Here emerge values of free-range that speak to both the life of the bird and the financial gain that is extracted by producers and retailers from appearing to speak to and privilege the valuing of the bird’s life. It appears that it is easier to kill animals when one can be assured that one has recognised their right to live and be according to their natures—chickens, cows, pigs, and rats. Evidently, it is also easier for producers to kill on people’s behalf when the value of life coincides with the monetary value that can be drawn from such a product. In this book, and particularly in chapter 5, I examine the practices of care that I saw appearing in the lab and the values that are given to them. These included the value that was accorded to the good rat or mouse life, the value such a life offers to the practice of ‘good science’ in terms of the validity of data and the reliability of results, and the value that scientists might draw from appearing to be good, responsible killers.
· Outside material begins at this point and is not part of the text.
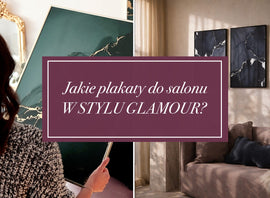 Jakie plakaty do salonu w stylu glamour?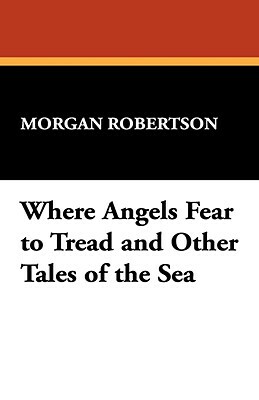 Where Angels Fear to Tread and Other Tales of the Sea by Morgan Robertson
In attending to these values and ways of valuing, calculi emerge. In the practices of caring that persisted in the recognition of mundane kinship, a calculus of caring became evident. Even in the shadow of the calculus of death that persists in the laboratory, wherein mice and rats are valued in hierarchical relation to humans and can be killed to benefit them, rats and mice yet presented to science a cost for their sacrifice—a cost that was recognised and met in the laboratory by the provision of speci-ally specific caring regimes in the relations of mundane kinship.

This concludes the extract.